Question: Can multiple repeats of simulation be aggregated to get better free energy estimates?

Gallicchio-Lab / AToM-OpenMM

OpenMM-based framework for absolute and relative binding free energy calculations with the Alchemical Transfer Method

Other

112 stars 31 forks source link

Question: Can multiple repeats of simulation be aggregated to get better free energy estimates? #94

Open hjuinj opened 3 weeks ago

hjuinj commented 3 weeks ago

Hi, if I launch multiple repeats from the same starting point for a simulation, does the AToM analysis procedure already support aggregating these runs together somehow to improve the free energy estimate?

Thank you.

egallicc commented 3 weeks ago

AToM-OpenMM does not do free energy analysis. The free energy analysis is done with external tools. In the examples, we provide an R script that uses UWHAM and a driver script called analyze.sh. The R script loads the r*/*.out output files. I think it can be easily modified to load data files from multiple simulations. Alternatively, try to concatenate the files using shell scripting. Either way, we recommend discarding the earlier portion of each replica trajectory to allow for equilibration.
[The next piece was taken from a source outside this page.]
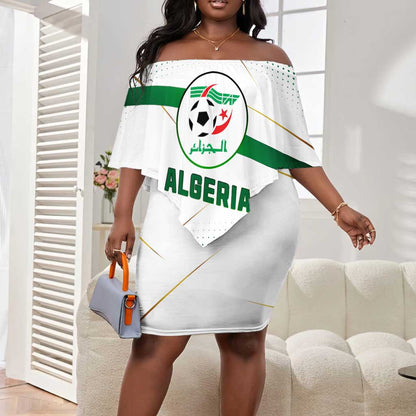 Algeria Soccer Off Shoulder Short Dress with Desert Warriors Text and National Flag Design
hjuinj commented 3 weeks ago

Thanks @egallicc, sorry I did mean with the R wham analysis. It is good to know that this is possible.

So it seems this is not an approach you are trying in your lab. May I ask is there some other approach that you would recommend that could boost sampling given the same time budget but more compute?

egallicc commented 3 weeks ago

Running replicates is an excellent strategy, I think. It should boost convergence and yield good error estimates. We rarely find ourselves in your happy situation of a lot of hardware to deploy. It should take only a bit of scripting to automate it.

Additional replicas and running on multiple GPUs are other obvious alternatives to take advantage of the hardware.

hjuinj commented 3 weeks ago

Thanks for the swift response @egallicc. A follow up question: you mentioned above we ought to discard earlier portion of each replica to allow equilibration. If we run multiple repeats, can we just have one simulation that has the equilibration stage, and then spin multiple repeats from the same equilibrated point just to save some amount of compute?

If so, is there some easy setting in the cntl file that can enable us to that? I am think of setting a short WALL_TIME for a single repeat run, and resume the simulation with long, production length WALL_TIME and with multiple repeats from that checkpoint file. Would this work?

egallicc commented 3 weeks ago

I am not sure. Yours is a research question that would take some effort to test. Would the convergence rate per unit of compute cost be improved by running replicates starting from one starting point (however equilibrated) and collecting all their data, or would it be better to let replicates wander away from each other before collecting their data? The answer is probably system-dependent, and the optimal settings are likely somewhere between these extremes. The AToM-OpenMM settings in the control file are general enough to craft all kinds of replicate spawning mechanisms.